Just sitting here, reading and looking at the wonderful pics. I have an idea....my own stuffing mix....turkey breasts, soup of choice, Thanksgiving Dinner for 2 or 4?....just wonder how long it would have to cook.....any ideas?....thanks


----------



## Ol-blue (Sep 21, 2008)

ella/TO said:


> Just sitting here, reading and looking at the wonderful pics. I have an idea....my own stuffing mix....turkey breasts, soup of choice, Thanksgiving Dinner for 2 or 4?....just wonder how long it would have to cook.....any ideas?....thanks


 
What a good idea. When I cook just a turkey breast, I plan 20 minutes per pound.
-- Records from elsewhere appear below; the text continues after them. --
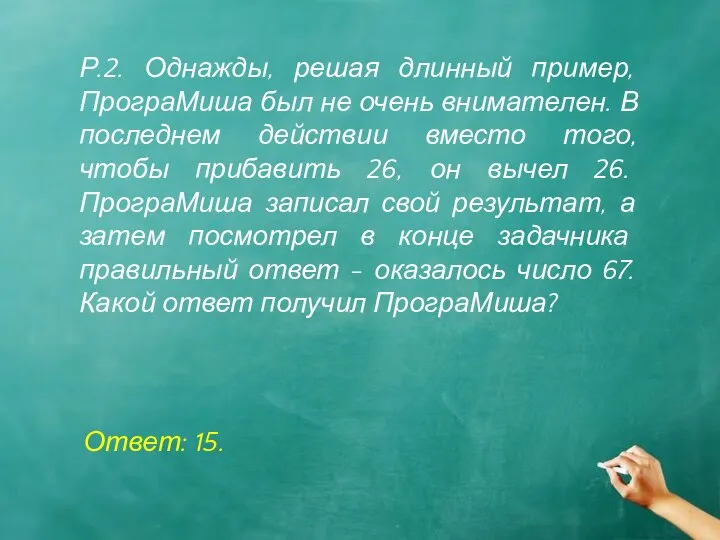 Р.2. Однажды, решая длинный пример, ПрограМиша был не очень внимателен. В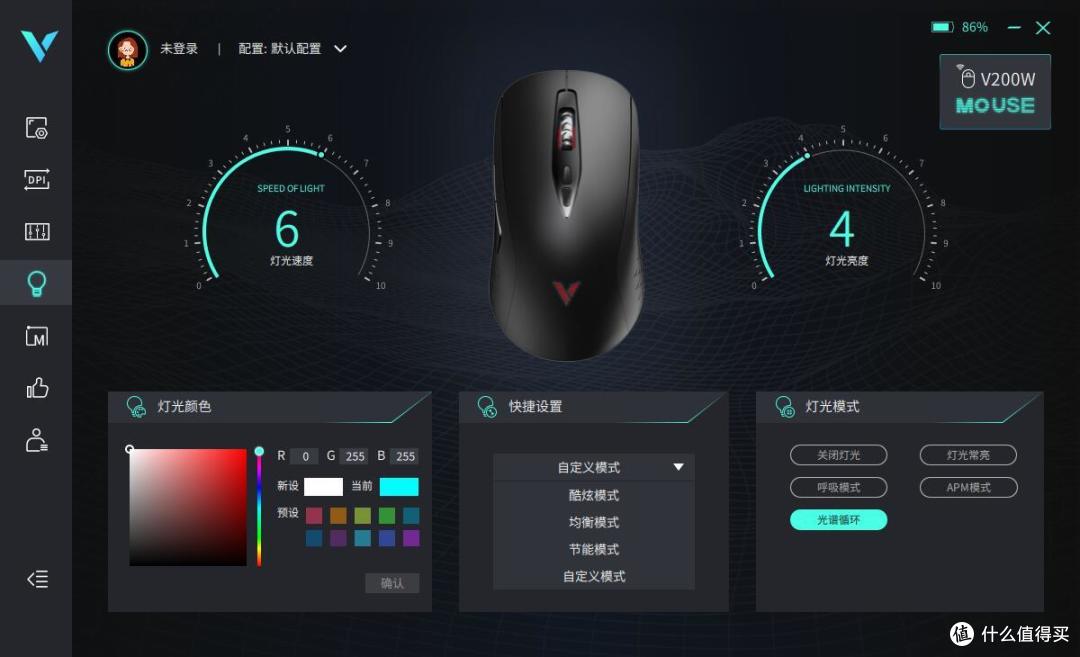 雷柏V200W双模无线RGB游戏鼠标评测:大手造型
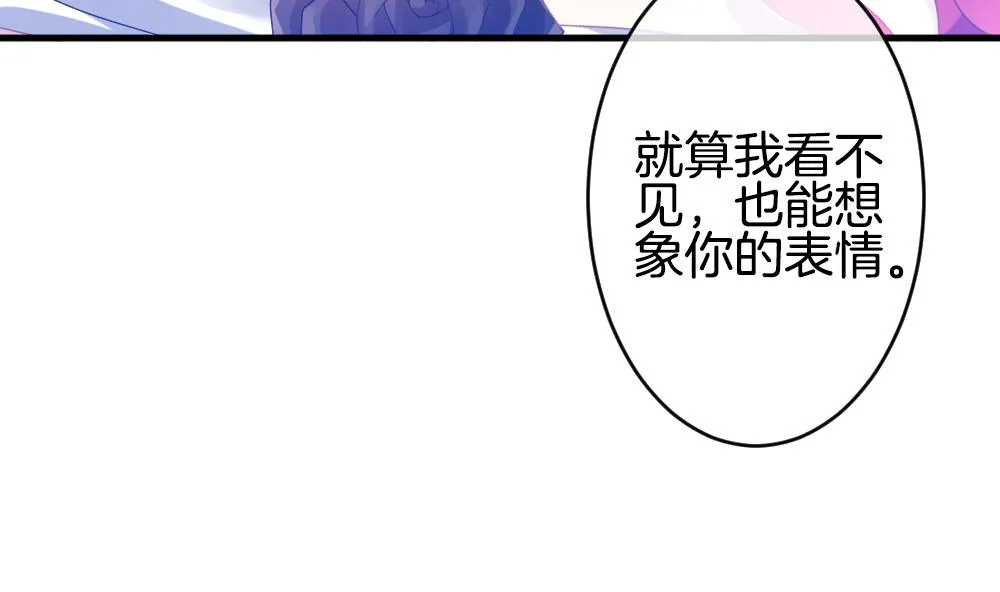 第251话 爱与责任 5 第11页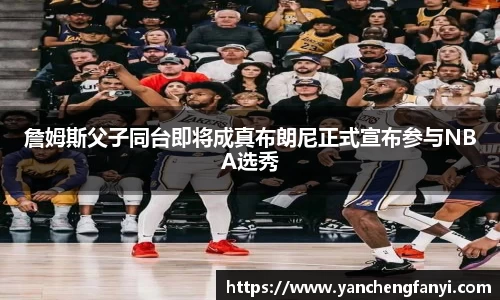 平博pinnacle体育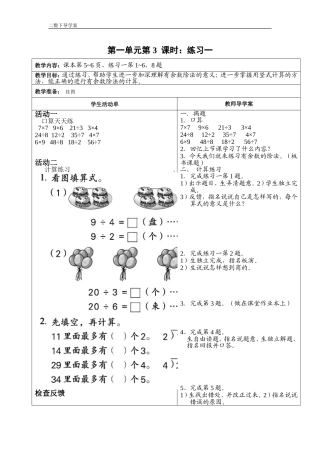 二数下第一单元导学案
It may take a little less when wrapped in foil, so I would plan for 15 to 20 minutes per pound to be safe.


----------



## ella/TO (Sep 21, 2008)

Thanks Ol-blu. Just with age, comes being too tired to clean up after a big meal, altho' everyone wants to help, which hinders too....ROFL.....this sounds great!!!!


----------



## Ol-blue (Sep 21, 2008)

ella/TO said:


> Thanks Ol-blu. Just with age, comes being too tired to clean up after a big meal, altho' everyone wants to help, which hinders too....ROFL.....this sounds great!!!!


 
You are welcome. I may just try this now. My family really doesn't like dark meat. This would be perfect for us. Thanks for the idea.


----------